** DATA RECORDS **
§ §

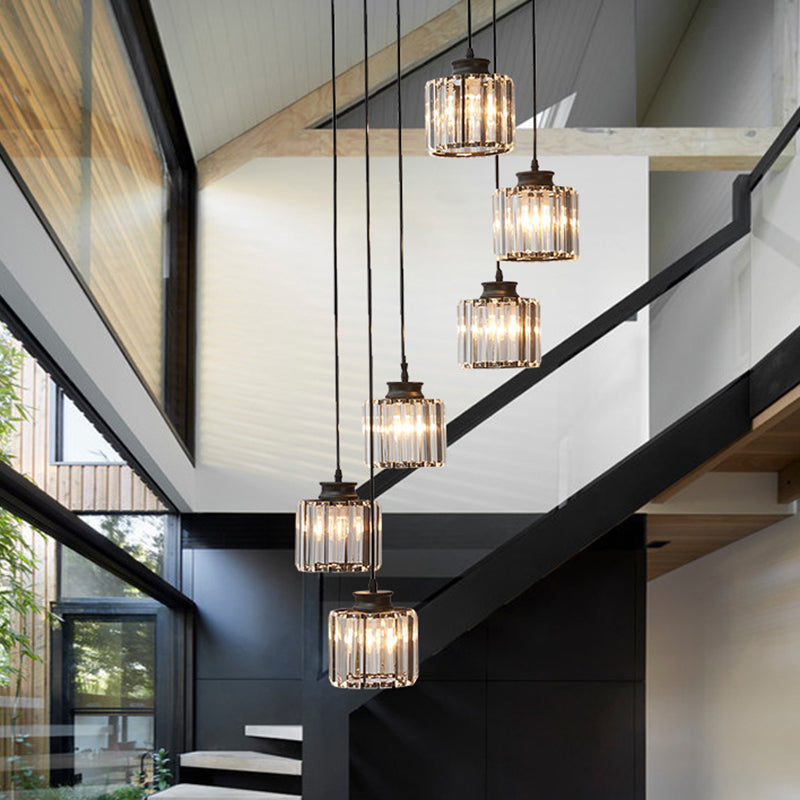 Lyraelle Cylinder Pendant Lamp With Crystal Detailing In Black Gold Finish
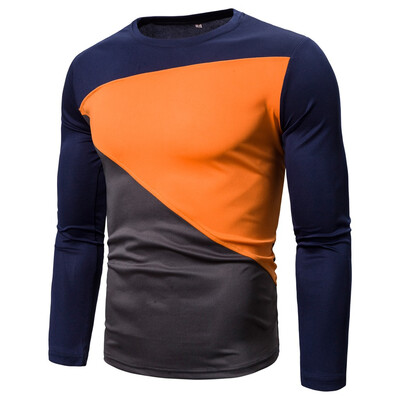 

Toponeto Men Splicing O-Neck Splicing Long Sleeve Shirt Fashion Long Sleeve Blouse Top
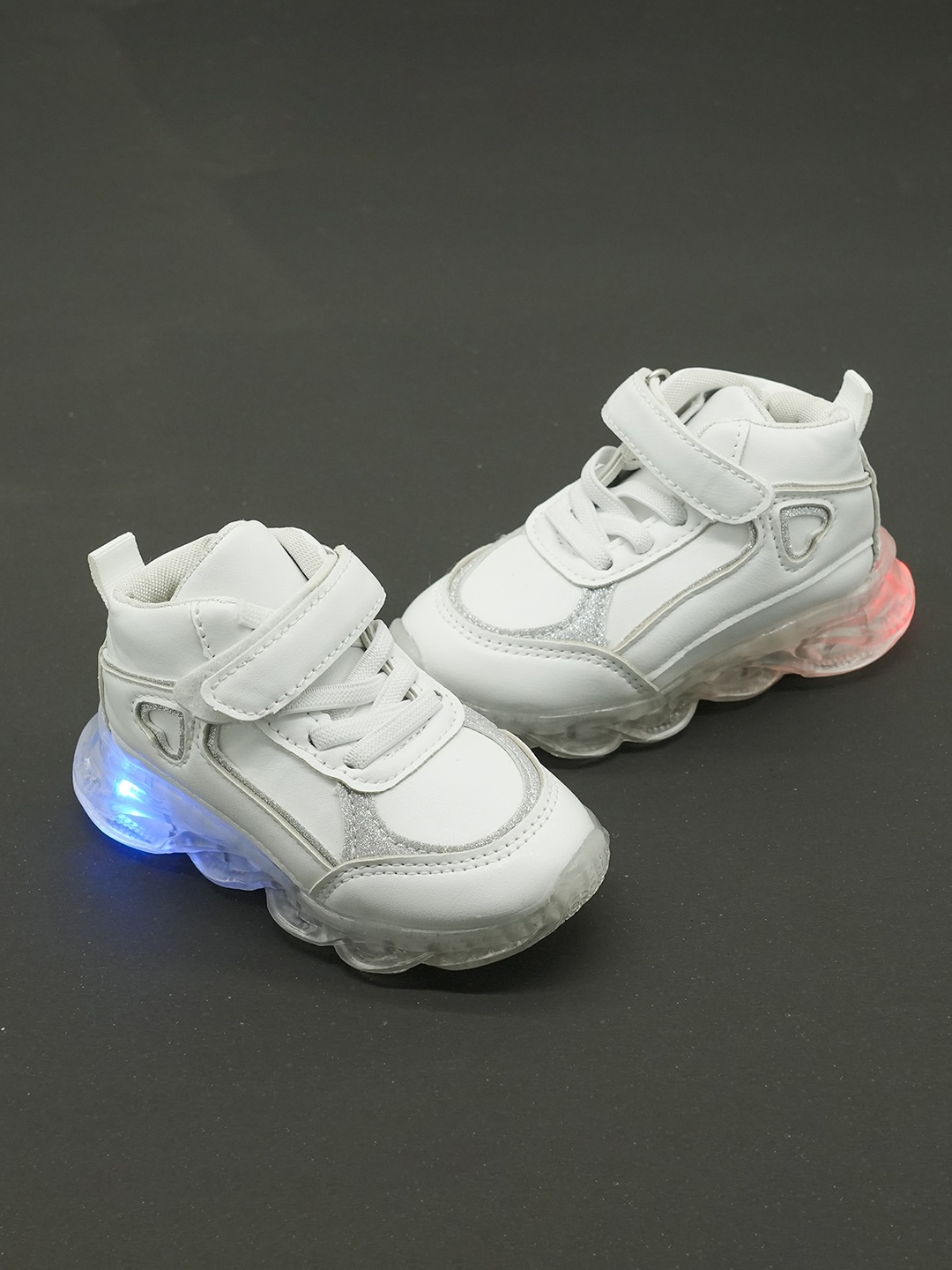 

FEETWELL SHOES Kids LED Velcro Sneakers, White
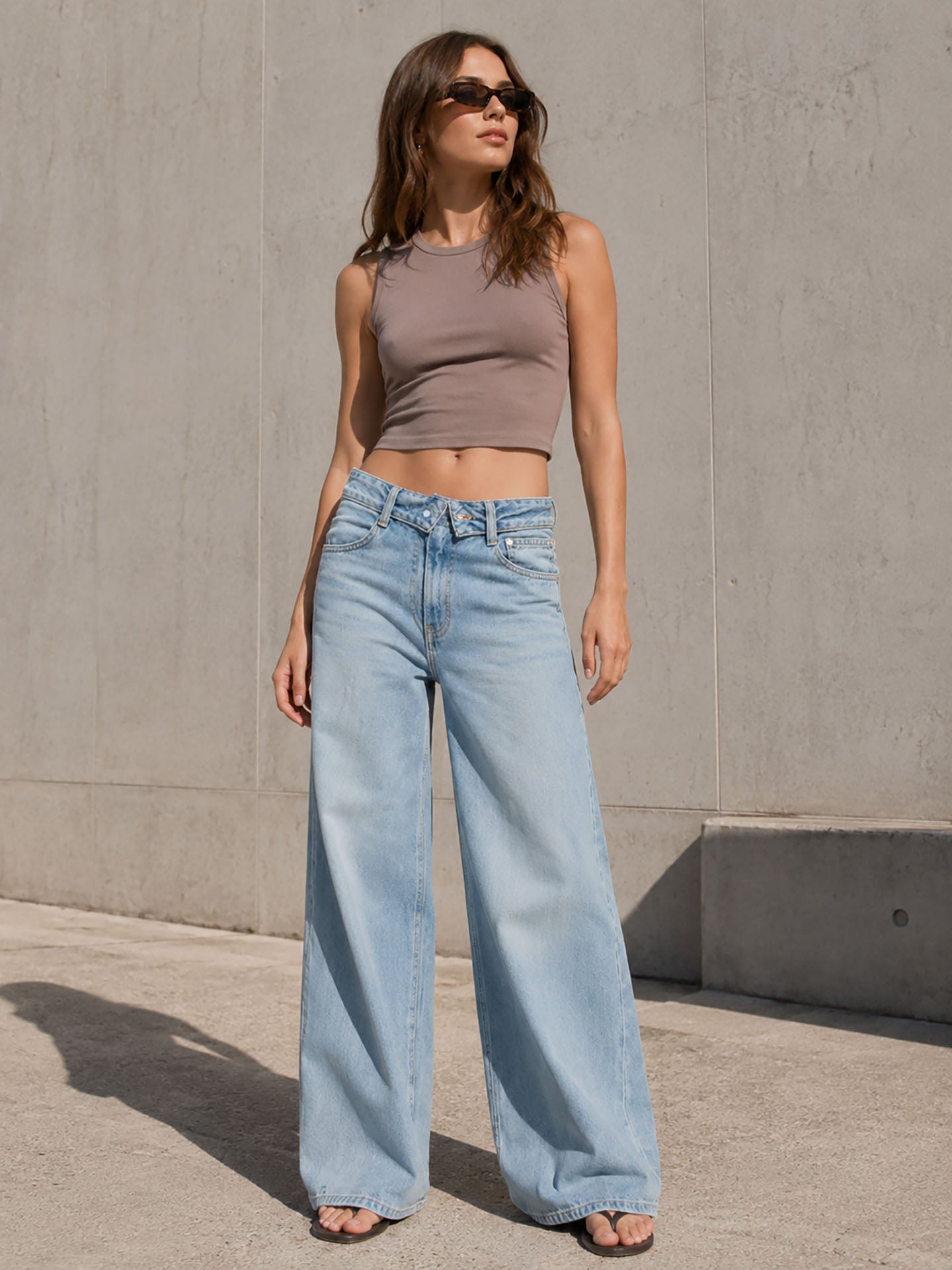 Light Blue High Rise Folded Waistband Wide Leg Jeans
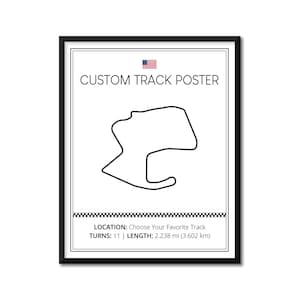 Personalisierbares Rennstrecken-Poster - anpassbarer Track Day Racing-Druck Perfekte Wandkunst-Dekorgeschenk für Auto-Enthusiasten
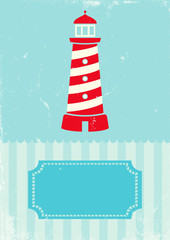 Retro illustration lighthouse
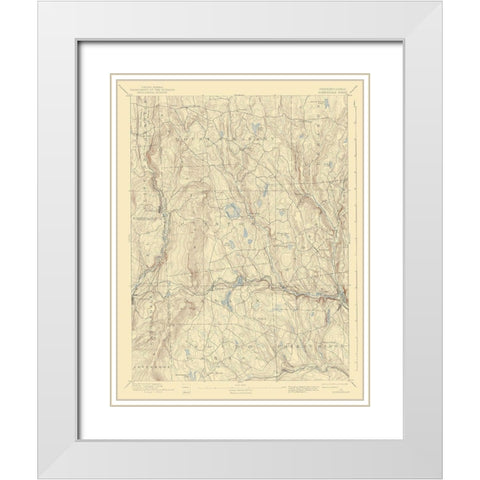 Honesdale Pennsylvania Quad - USGS 1892 White Modern Wood Framed Art Print with Double Matting by USGS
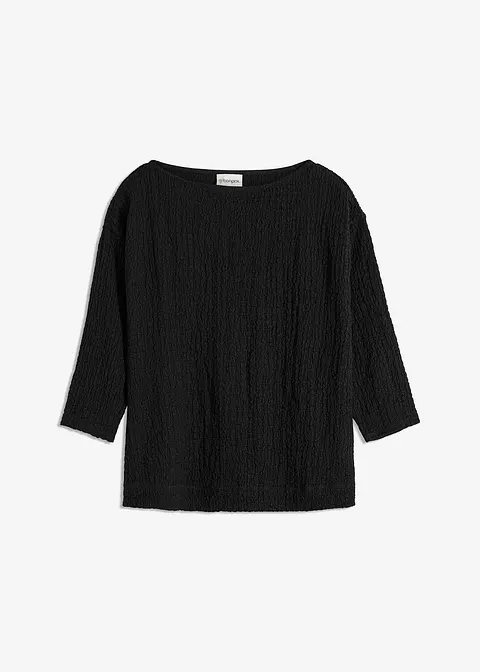Shirt mit Struktur in schwarz von vorne - bonprix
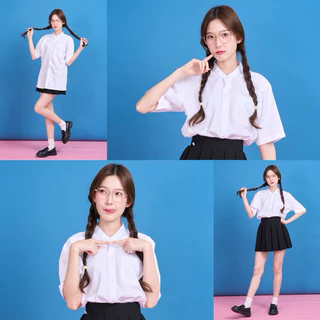 เสื้อนักศึกษาทรงบอย เสื้อนักศึกษาคอจีน ผ้าอ๊อกฟอร์ด-ผ้าคอมทวิว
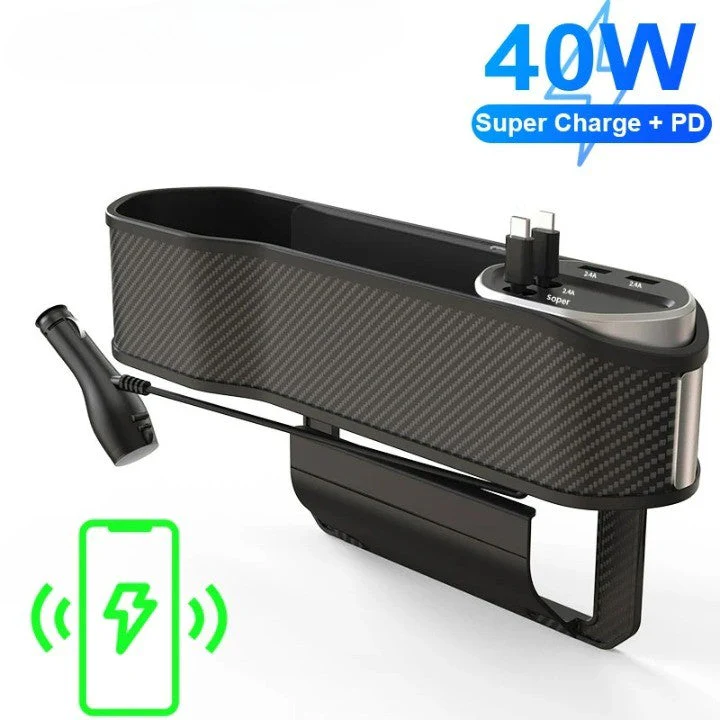 Car Seat Gap Organizer Cup Holder Wireless Charger - Image 2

§ §

Each line from the one containing "เสื้อนักศึกษาทรงบอย เสื้อนักศึกษาคอจีน ผ้าอ๊อกฟอร์ด-ผ้าคอมทวิว" through the final line of the data must be reproduced exactly, both ends included, with no pictures in the copy.

 เสื้อนักศึกษาทรงบอย เสื้อนักศึกษาคอจีน ผ้าอ๊อกฟอร์ด-ผ้าคอมทวิว
 Car Seat Gap Organizer Cup Holder Wireless Charger - Image 2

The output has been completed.